Implement the MyCircularDeque class:

• MyCircularDeque(int k) Initializes the deque with a maximum size of k.
• boolean insertFront(int value) Adds an item at the front of Deque. Return true if successful.
• boolean insertLast(int value) Adds an item at the rear of Deque. Return true if successful.
• boolean deleteFront() Deletes an item from the front of Deque. Return true if successful.
• boolean deleteLast() Deletes an item from the rear of Deque. Return true if successful.
• int getFront() Returns the front item from the Deque. If empty, return -1.
• int getRear() Returns the last item from Deque.
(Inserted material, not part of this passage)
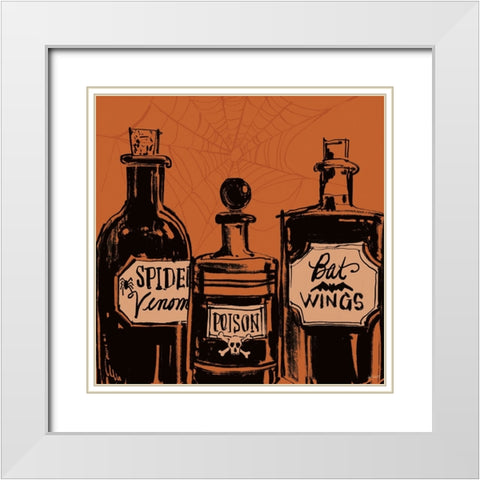 Haunted IX White Modern Wood Framed Art Print with Double Matting by Tavoletti, Anne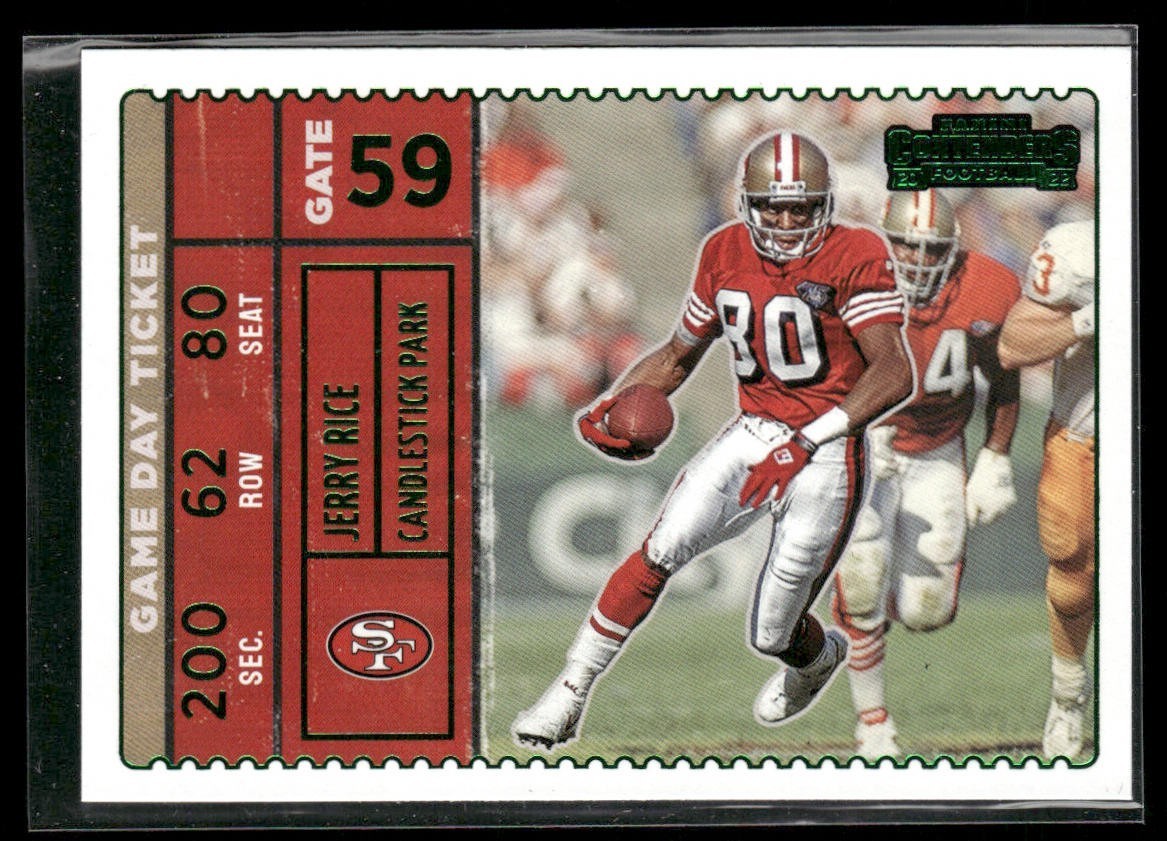 Jerry Rice Player Lot Bundle 10 Different Football Cards JR010 49ers back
If empty, return -1.
• boolean isEmpty() Returns true if the deque is empty, or false otherwise.
• boolean isFull() Returns true if the deque is full, or false otherwise.

Example:

Input:
["MyCircularDeque", "insertLast", "insertLast", "insertFront", "insertFront", "getRear", "isFull", "deleteLast", "insertFront", "getFront"]
[[3], [1], [2], [3], [4], [], [], [], [4], []]

Output:
[null, true, true, true, false, 2, true, true, true, 4]

Explanation:
MyCircularDeque myCircularDeque = new MyCircularDeque(3);
myCircularDeque.insertLast(1);  // return True
myCircularDeque.insertLast(2);  // return True
myCircularDeque.insertFront(3); // return True
myCircularDeque.insertFront(4); // return False (full)
myCircularDeque.getRear();      // return 2
myCircularDeque.isFull();       // return True
myCircularDeque.deleteLast();   // return True
myCircularDeque.insertFront(4); // return True
myCircularDeque.getFront();     // return 4

Constraints: - 1 <= k <= 1000 - 0 <= value <= 1000 - At most 2000 calls will be made to operations.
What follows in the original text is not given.